ASSIGNED TASK: Leaving out the pictures, return word for word the stretch of entries below from the line holding "Little girl reading the Bible" through the line holding "equipo de negocios".

PROVIDED RECORDS:
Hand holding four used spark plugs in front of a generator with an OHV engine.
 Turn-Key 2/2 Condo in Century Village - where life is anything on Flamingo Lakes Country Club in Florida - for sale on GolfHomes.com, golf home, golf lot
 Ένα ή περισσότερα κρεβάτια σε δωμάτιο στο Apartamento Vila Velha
--
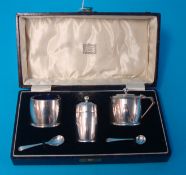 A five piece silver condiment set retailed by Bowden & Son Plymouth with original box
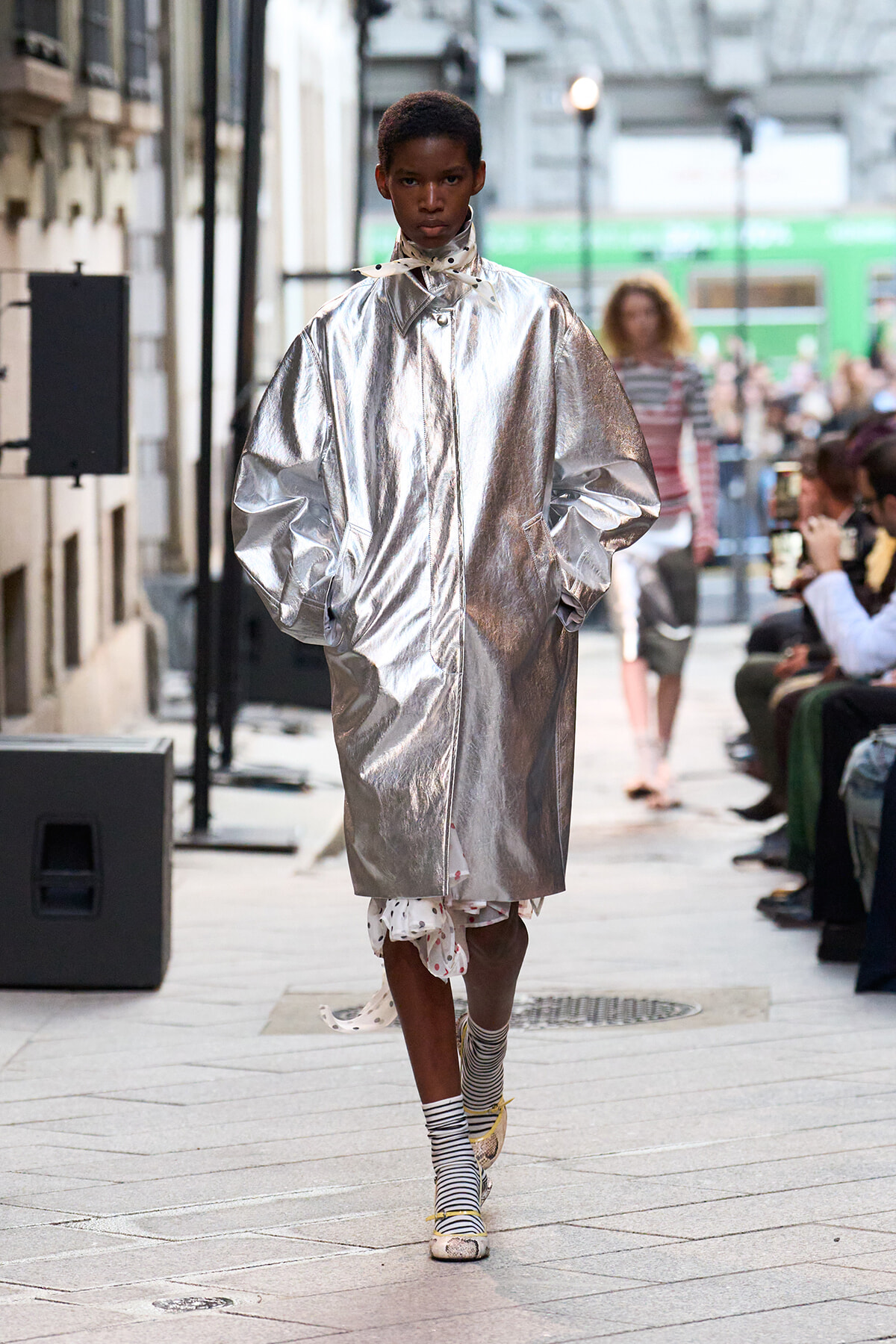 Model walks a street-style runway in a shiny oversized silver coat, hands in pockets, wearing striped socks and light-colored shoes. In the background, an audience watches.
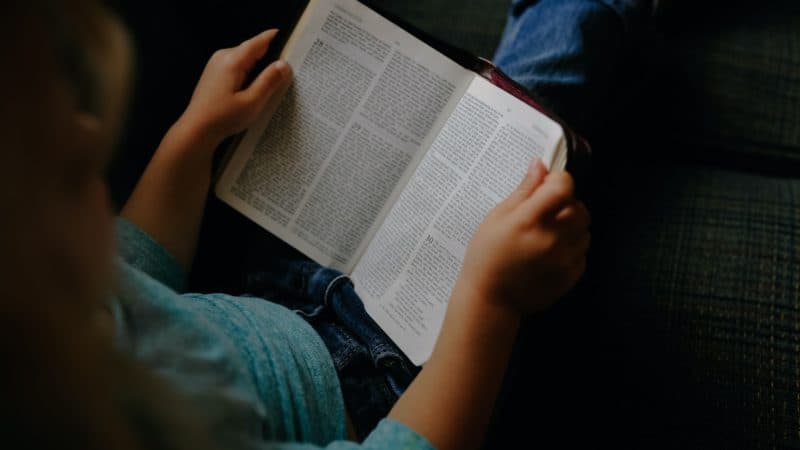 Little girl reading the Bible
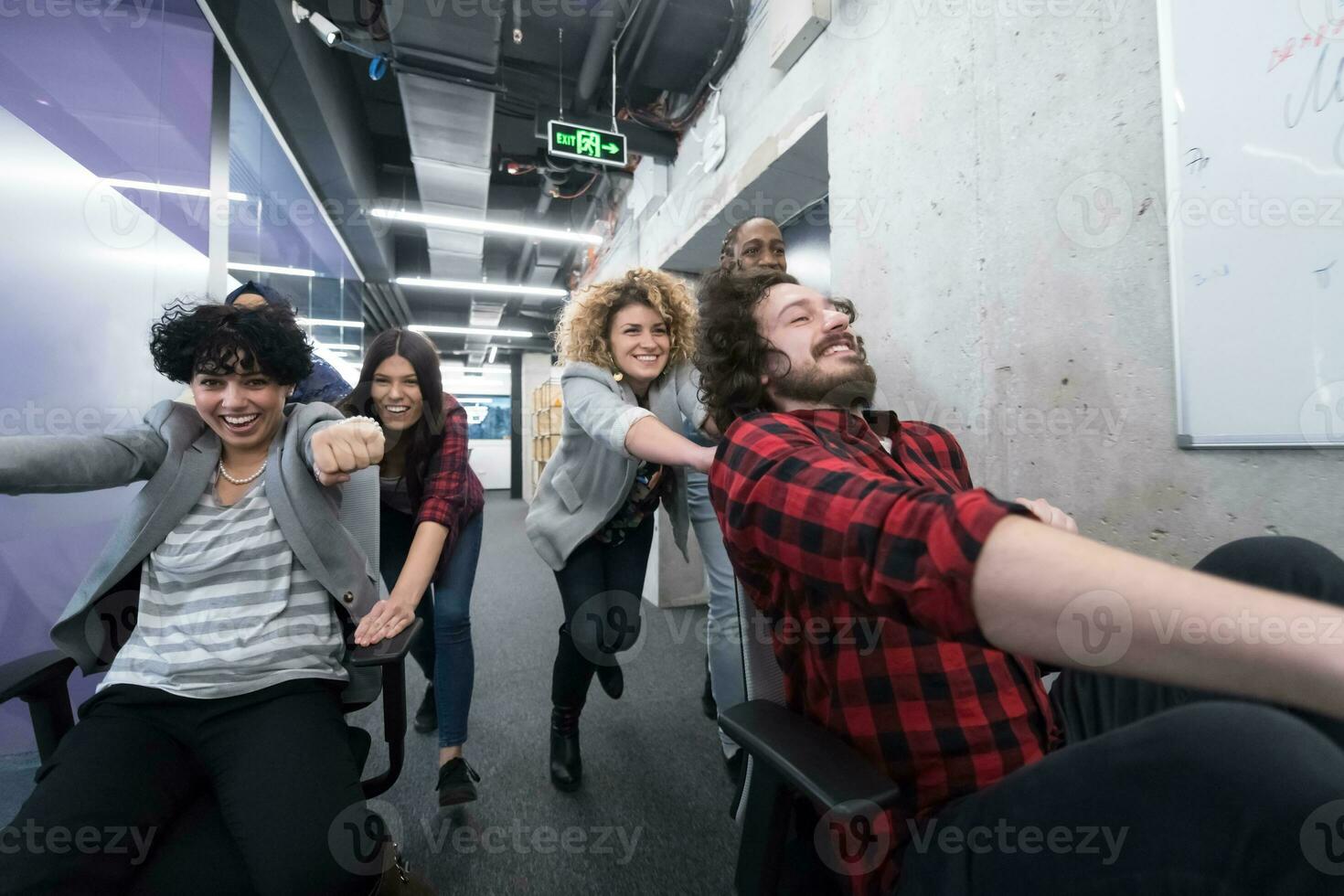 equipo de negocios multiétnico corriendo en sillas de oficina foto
--
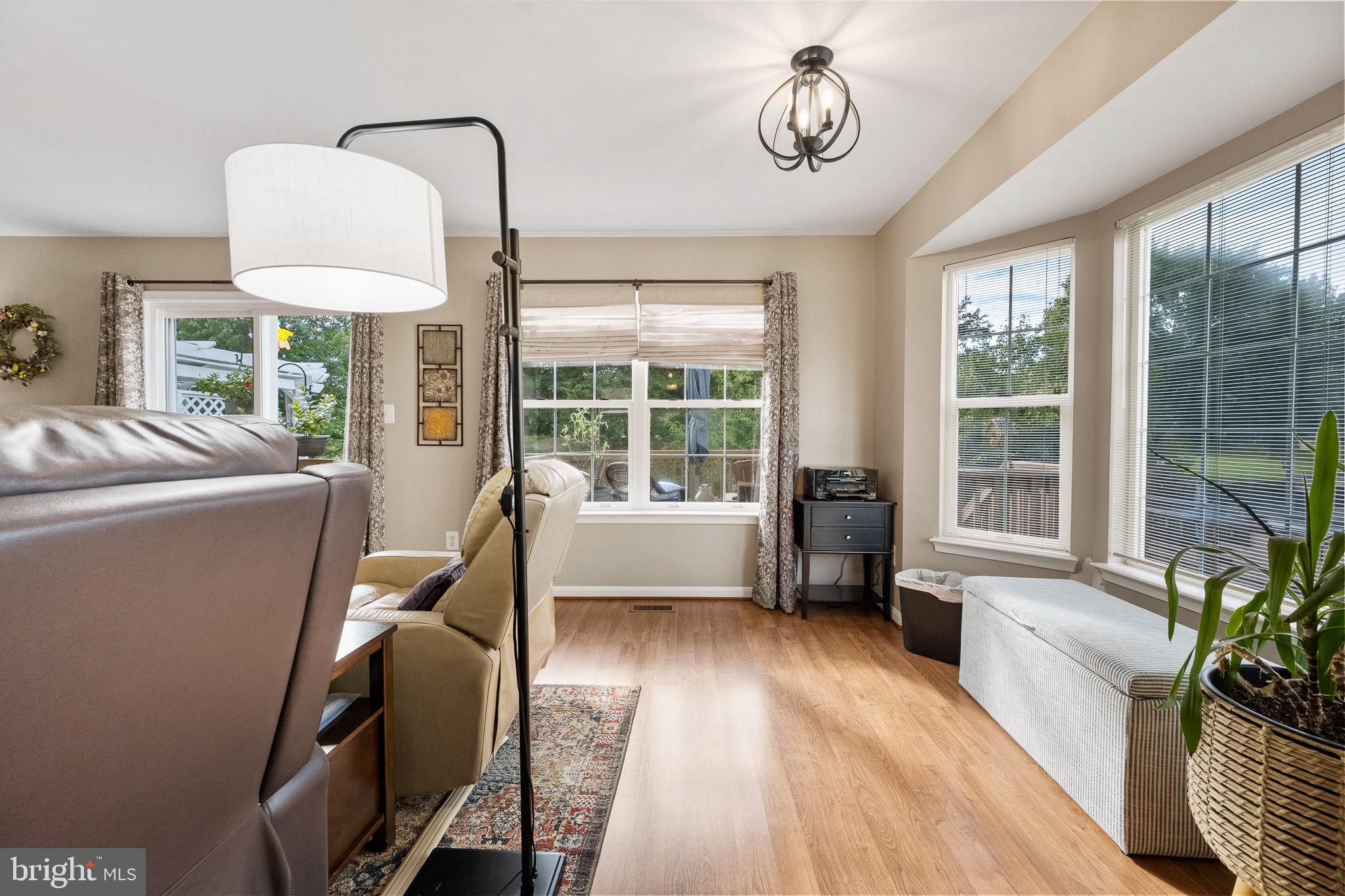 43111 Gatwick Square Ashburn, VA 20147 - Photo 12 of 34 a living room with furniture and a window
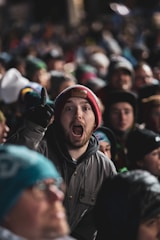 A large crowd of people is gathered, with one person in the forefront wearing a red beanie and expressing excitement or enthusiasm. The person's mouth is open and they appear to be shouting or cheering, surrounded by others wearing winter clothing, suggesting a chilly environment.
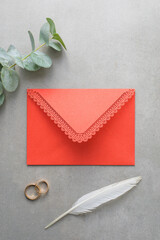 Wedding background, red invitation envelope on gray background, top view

REPLY:
 Little girl reading the Bible
 equipo de negocios multiétnico corriendo en sillas de oficina foto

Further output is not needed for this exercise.